Aug. 28—Increased federal funding for nuclear power isn't likely to have an impact on Plant Vogtle, according to a Dalton Utilities official.
Dalton Utilities owns 1.6% of Plant Vogtle Units 1 and 2, which were built in the 1970s. The Inflation Reduction Act, approved by Congress earlier this month, includes $30 billion to extend the lives of aging nuclear reactors expected to close in the next decade. Plant Vogtle is near Waynesboro.
"Units 1 and 2 have both received 29-year license extensions that allow the units to operate to years 2047 and 2049 respectively," said Dalton Utilities CEO Tom Bundros.
Dalton Utilities also owns 1.6% of Units 3 and 4, which are under construction.

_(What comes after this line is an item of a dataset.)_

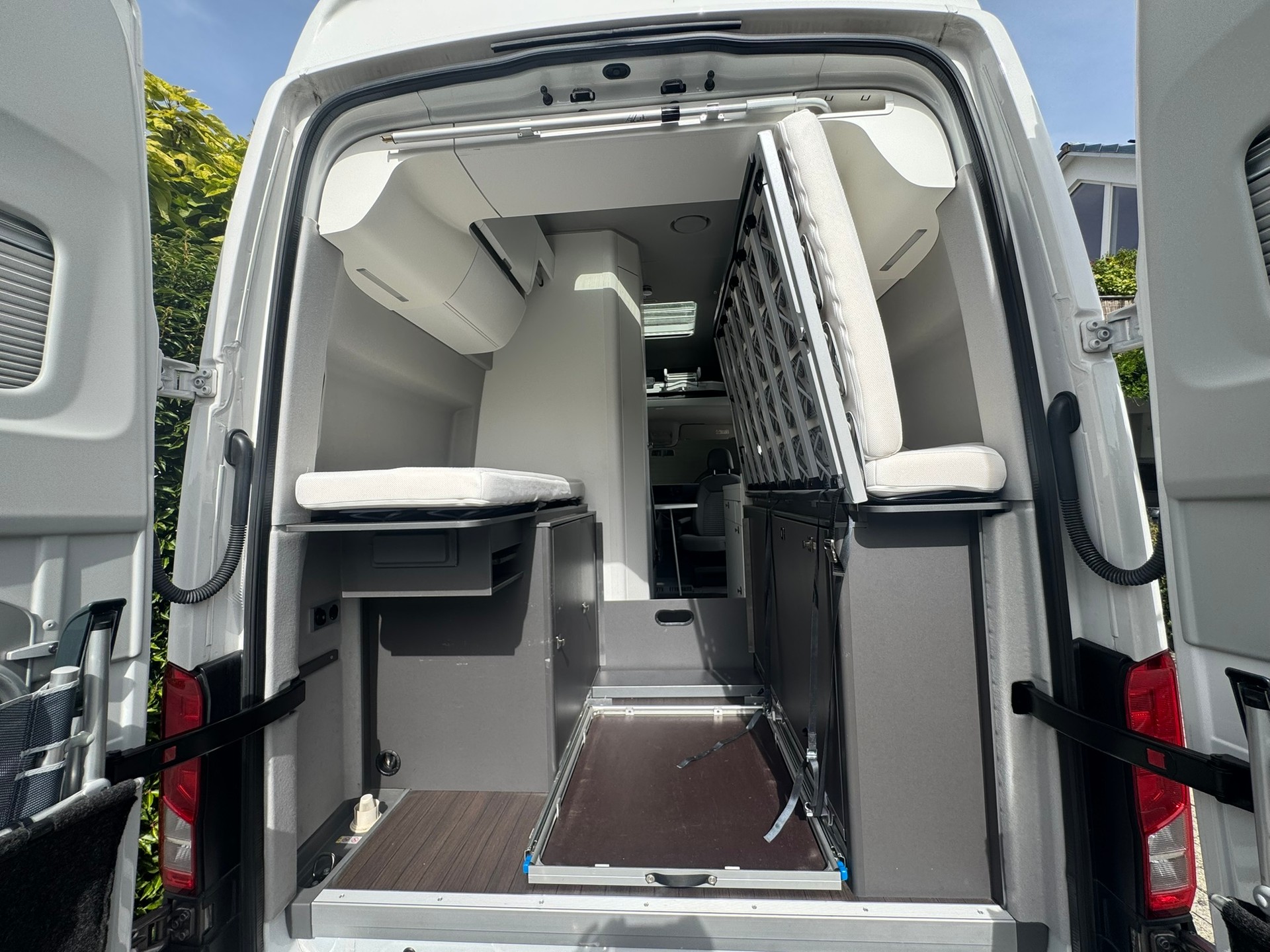 VW Grand California-image-12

But in July, Dalton Utilities' board voted to end spending on the two new units in return for reduction in its ownership of the units. Dalton Utilities' ownership percentage will not be determined until the final cost of construction of the project has been calculated at the end of the construction.
When those two units were originally announced in 2009, they projected to cost $14 billion and to go online in 2016. The latest forecasts project they will cost more than $30 billion. Unit 3 is expected to go online sometime in 2023 and Unit 4 sometime in 2024.

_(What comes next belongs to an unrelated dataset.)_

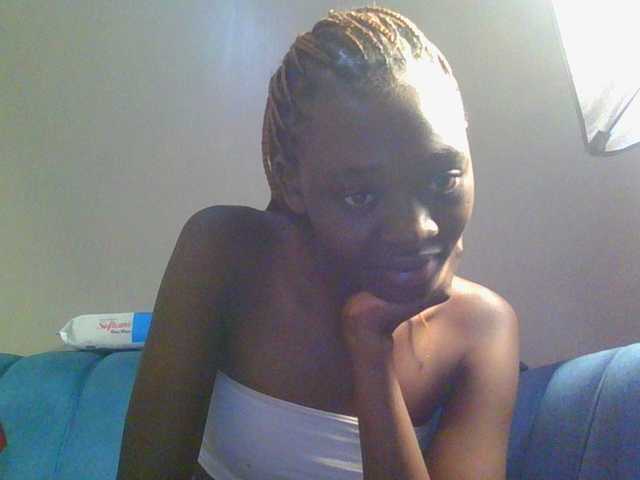 Preetygirl's BongaCams show and profile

Oglethorpe Power owns a 30% share of Plant Vogtle, MEAG Power has a 22.7% stake and Georgia Power owns 45.7%.
In August 2018 Georgia Power announced another $2.3 billion in cost overruns, triggering an agreement calling for all four owners to vote to continue the project. Dalton Utilities, Georgia Power and MEAG agreed to continue. But Oglethorpe said it would only continue if there was a cap on construction costs, which would effectively require Georgia Power to cover any additional overruns.
In September 2018 the four owners approved an agreement that allowed the smaller owners to cap their investment in return for some loss of ownership if the costs exceeded $19.2 billion.
In June of this year Oglethorpe Power announced it was exercising its option to cap its spending.